> **Supplied data**:
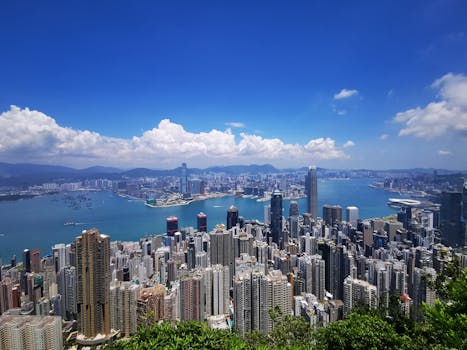 Skyline Grandeur Hotels in Hong Kong Kowloon Bay Icons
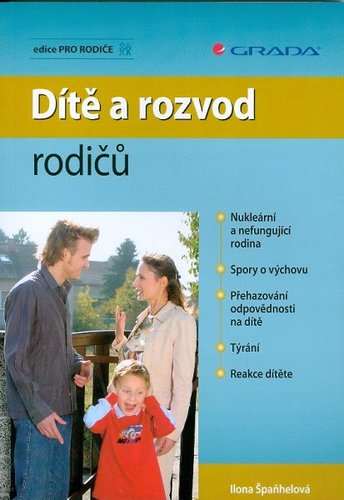 Obrázok Dítě a rozvod rodičů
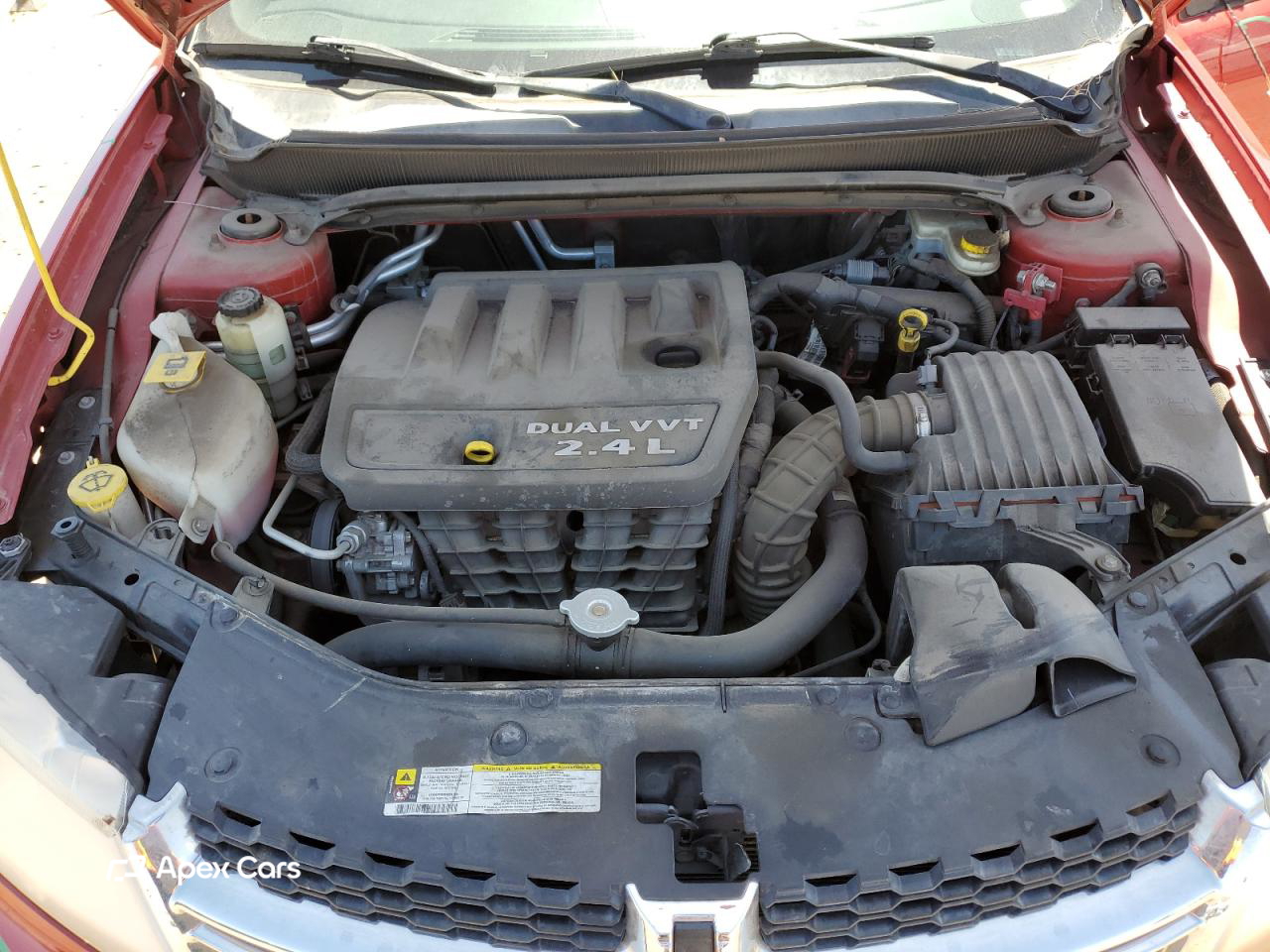 Dodge Avenger 2013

> **How to complete this task**: Repeat each line word for word, from the one with "Obrázok Dítě a rozvod rodičů" down to the last line of the data, and keep the pictures out of it.

> **Answer to this problem**:
 Obrázok Dítě a rozvod rodičů
 Dodge Avenger 2013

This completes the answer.